The phenomenon is similar to this: TiCDC reconnects TiKV blindly when region leader transfers · Issue #4761 · pingcap/tiflow · GitHub

| username: LingJin | Original post link

The time difference between the leader change and the owner change was 1 minute, so the correlation might not be significant. The previous owner node might have crashed due to other reasons.

After the owner crashes, a new owner will be automatically elected. The synchronization tasks on the previously crashed owner node will be automatically migrated to other surviving TiCDC nodes.

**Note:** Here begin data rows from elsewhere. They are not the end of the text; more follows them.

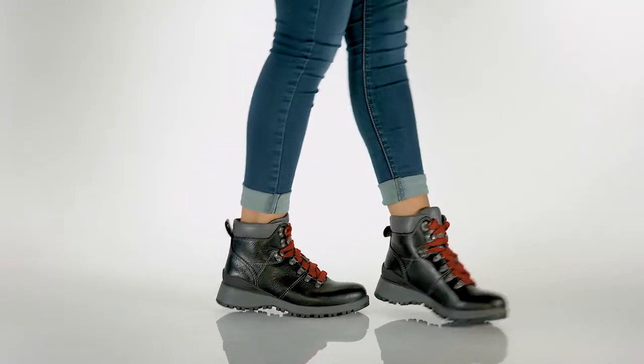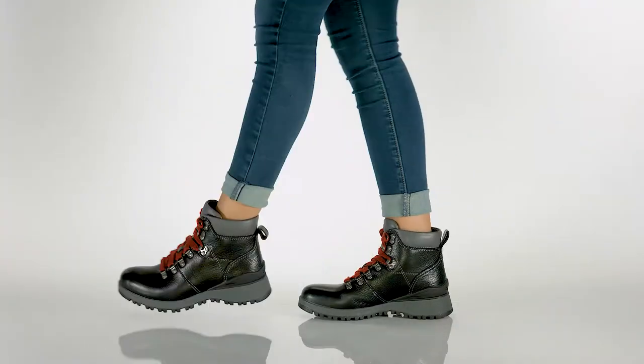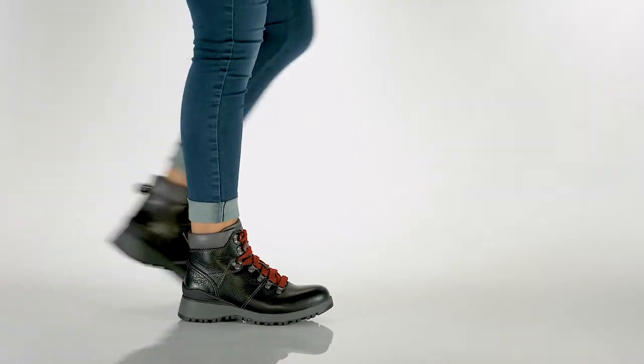Hey everyone, my name is Sunshine and this right here is the Dalton by Bionica. Can you believe this ultra sleek style is actually a hiker boot? That's right,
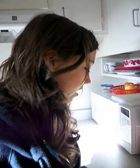Hi guys. I am going to do a dissection today.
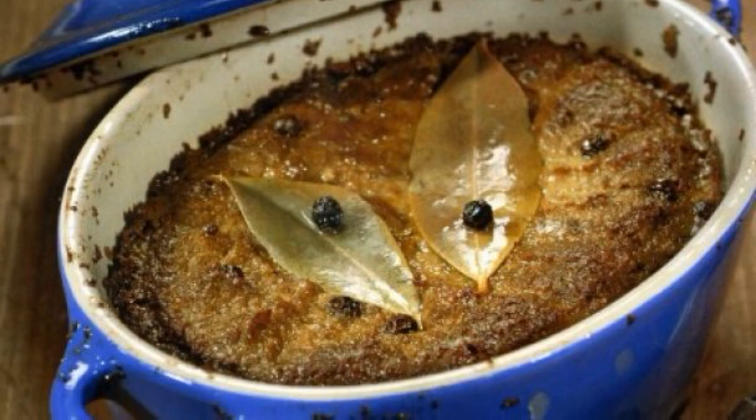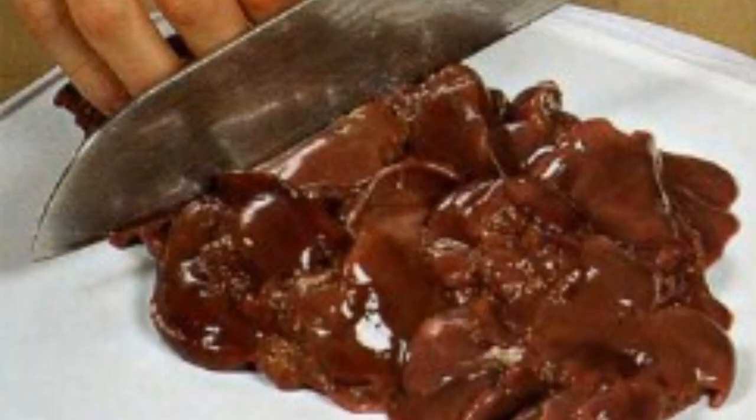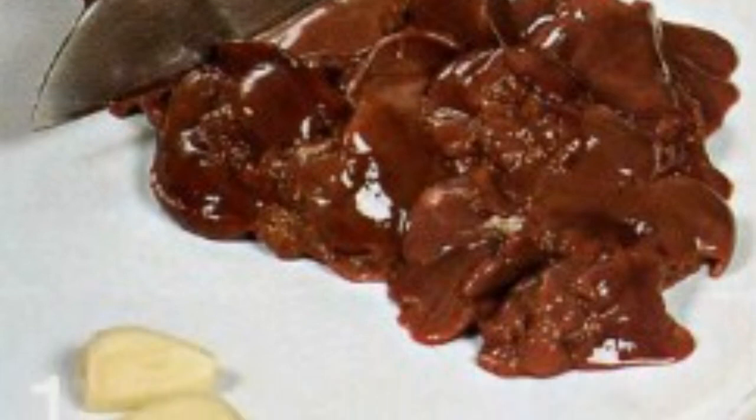Recipe for Chicken Liver Pate. Wash the liver, peel off the films, cut into small pieces, peel and chop the garlic.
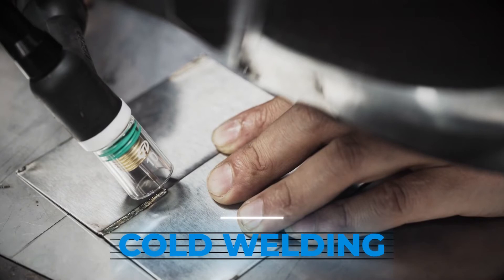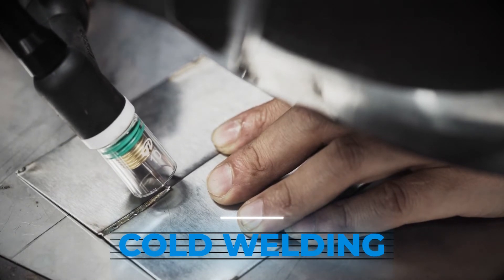Please note: the tungsten electrode should expose 1-2 mm of the nozzle.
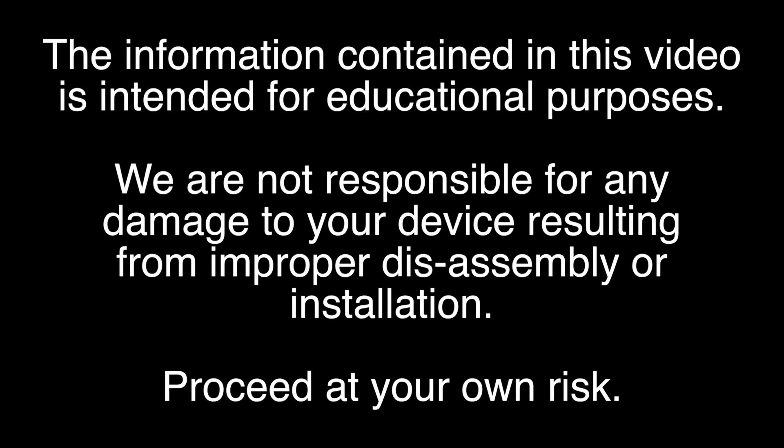The information contained in this video is intended for educational purposes. We are not responsible for any damage to your device resulting from improper disassembly or installation. Proceed at your own risk.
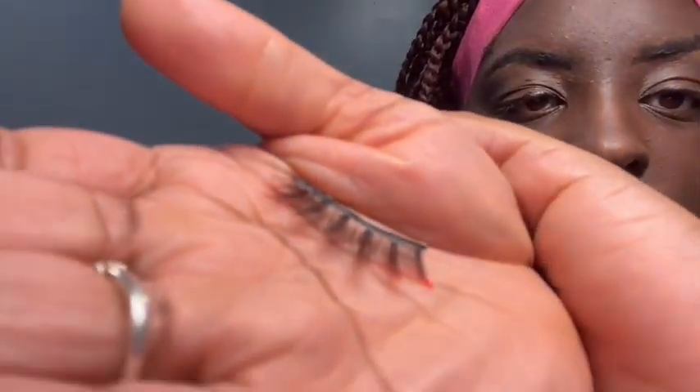Now these type of lashes — it's the same on both sides, so it really doesn't matter which way you do it.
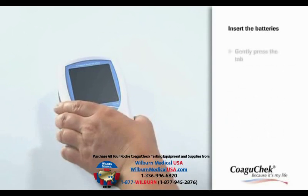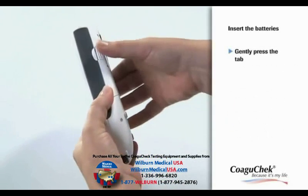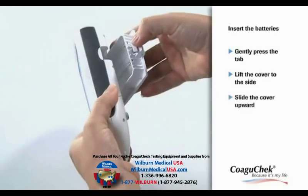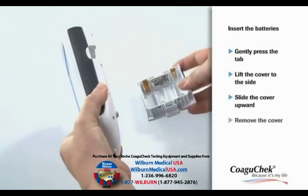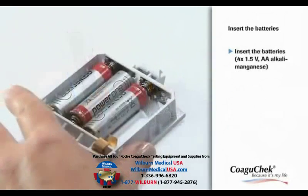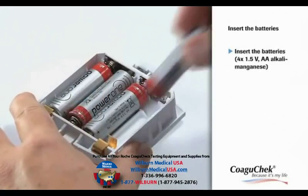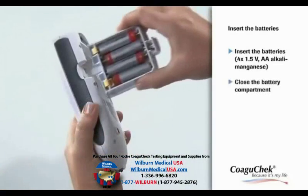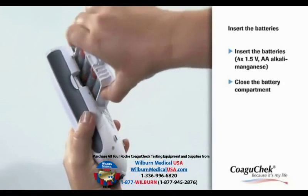To insert the batteries, please gently press the tab on the battery compartment cover and lift the cover to the side. Then slide the battery compartment cover upward and remove it. You can use four 1.5-volt AA-type alkali manganese batteries. After insertion, please close the battery compartment again.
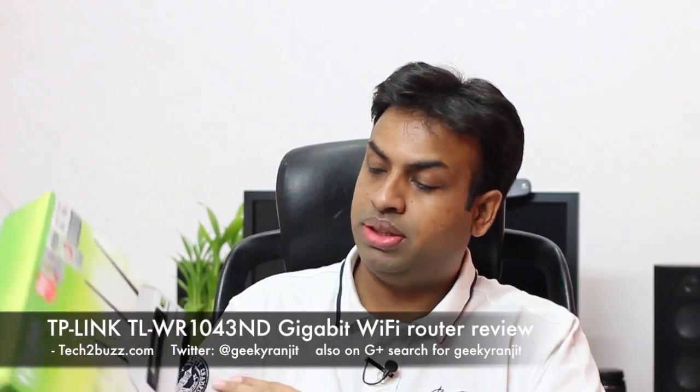Hi, this is Ranjit from tech2bus.com and today we'll be doing the in-depth review of this TP-Link gigabit Ethernet router. The model name is WR1043ND. It's a 300 Mbps router that works on the 2.4 GHz band and has 4 gigabit Ethernet ports. I've been testing this router for almost three weeks, and compared to other Wi-Fi gigabit Ethernet routers it's priced approximately 30 to 40 percent less.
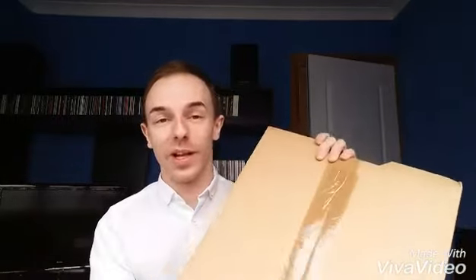Hi guys, welcome to a new video. Today will be another unboxing video for Backflash's fourth studio album, The Broward, which was released today on July the 1st. The item arrived today in this really chunky package and I can't wait to open it. It's the deluxe box set which I ordered off the website back in March, so I'll go ahead and open it and cut out all the boring bits of me opening it up.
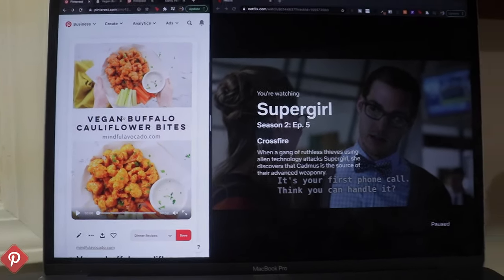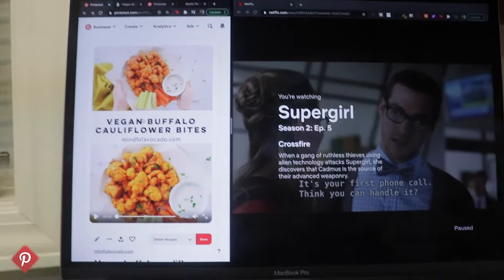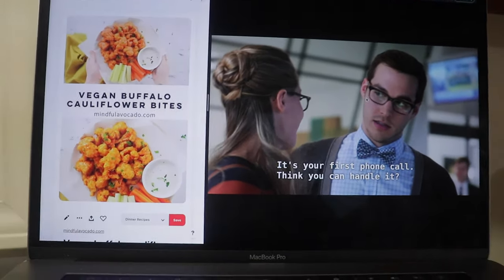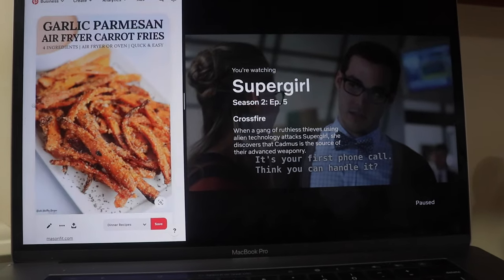Here's the recipe that we're going to be working with today. I found this on Pinterest — don't forget to follow me on Pinterest as well because I post a lot of awesome recipes and home decor stuff. I'm also in the middle of watching Supergirl right now, so let me know in the comments if you're watching that because I stinking love that show. Here's the other recipe for the garlic parmesan carrot fries. Before I even get started, I just want to let you guys know that I have never cooked cauliflower and I've never used carrots. So don't come for me if I'm not doing anything right.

| username: db_user | Original post link

Migrating to other nodes is understandable, but at that time, the CPU and memory were at low levels, with no OOM occurrences or memory alarms, yet the CDC process crashed. It seems there is no reproducible method for the issue, and we can’t fully replicate the problem for now. I’m not sure if transferring the leader would achieve the same effect.

| username: LingJin | Original post link

From the provided materials, the reason for the owner switch is unclear. You can check the logs of the CDC owner node before the switch to see why it stepped down from the owner position.

The new owner was elected at 2022/11/20 12:32:11.153 +00:00. You can look at the logs of the old owner around 2 minutes before this time, or search for logs at the [ERROR] or [WARN] levels.

| username: db_user | Original post link

This is the CDC log before the switch, with a large number of drop resolved.

| username: LingJin | Original post link

This is not the root cause of the process exit.

We need to find the reason for the region feed stopped.

| username: db_user | Original post link

This is probably caused by the timestamp retrieval being too slow. If you remove the “region feed stopped,” you can see this information:


Then, below it seems to be a situation where the leader cannot be found due to transfer leader:

Boss, I checked the logs from 20 minutes before the CDC crashed and didn’t see any obvious error messages. Could you please help me see if there are any other troubleshooting methods?